Swelling, Structure, and Phase Stability of Compressible Microgels

TL;DR

This study uses Monte Carlo simulations to explore how microgel particles swell, deswell, and influence phase behavior under varying environmental conditions, revealing effects of compressibility and size fluctuations on crystallization and polydispersity.

Contribution

It introduces a simulation model that incorporates particle compressibility and size fluctuations based on the Flory-Rehner theory, advancing understanding of microgel suspension behavior.

Findings

Compressibility and size fluctuations suppress crystallization.

Microgels deswell at high densities, increasing polydispersity.

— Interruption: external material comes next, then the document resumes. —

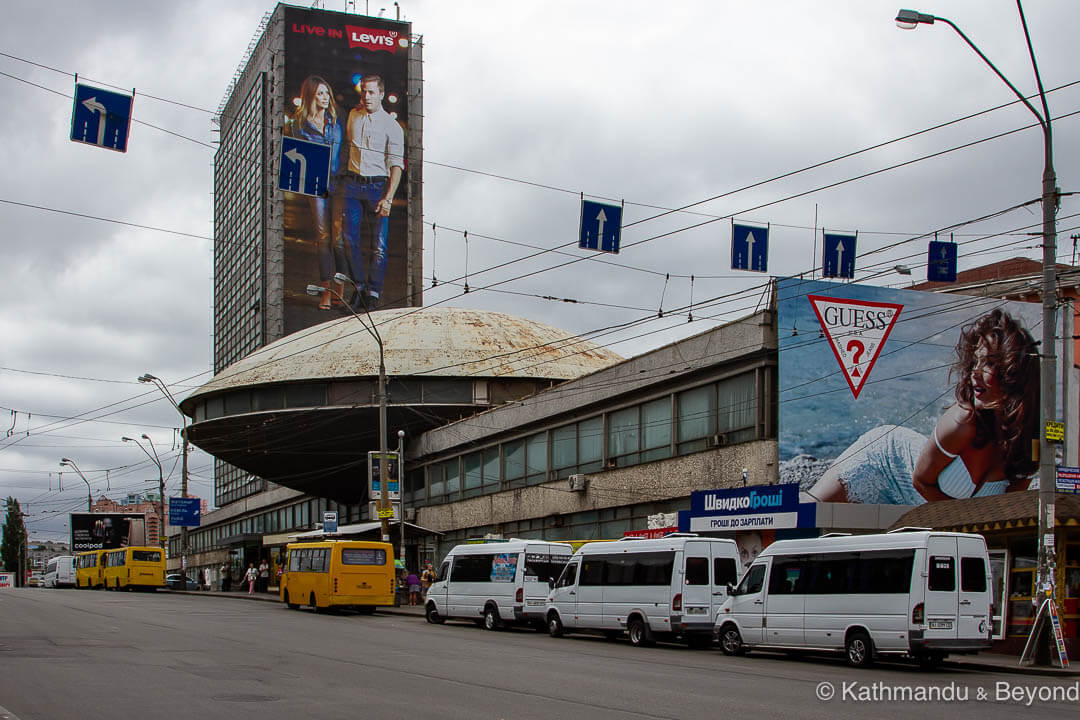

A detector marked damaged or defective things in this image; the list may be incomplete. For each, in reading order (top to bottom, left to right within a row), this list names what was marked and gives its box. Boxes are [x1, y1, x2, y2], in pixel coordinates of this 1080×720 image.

Freezing transition shifts to higher density with microgel softness.

Abstract

Microgels are soft colloidal particles that, when dispersed in a solvent, swell and deswell in response to changes in environmental conditions, such as temperature, concentration, and $p$H. Using Monte Carlo simulation, we model bulk suspensions of microgels that interact via Hertzian elastic interparticle forces and can expand or contract via trial moves that allow particles to change size in accordance with the Flory-Rehner free energy of cross-linked polymer gels. We monitor the influence of particle compressibility, size fluctuations, and concentration on bulk structural and thermal properties by computing particle swelling ratios, radial distribution functions, static structure factors, osmotic pressures, and freezing densities. For microgels in the nanoscale size range, particle compressibility and associated size fluctuations suppress crystallization, shifting the freezing transition to a higher density than for the hard-sphere fluid. As densities increase beyond close packing, microgels progressively deswell, while their intrinsic size distribution grows increasingly polydisperse.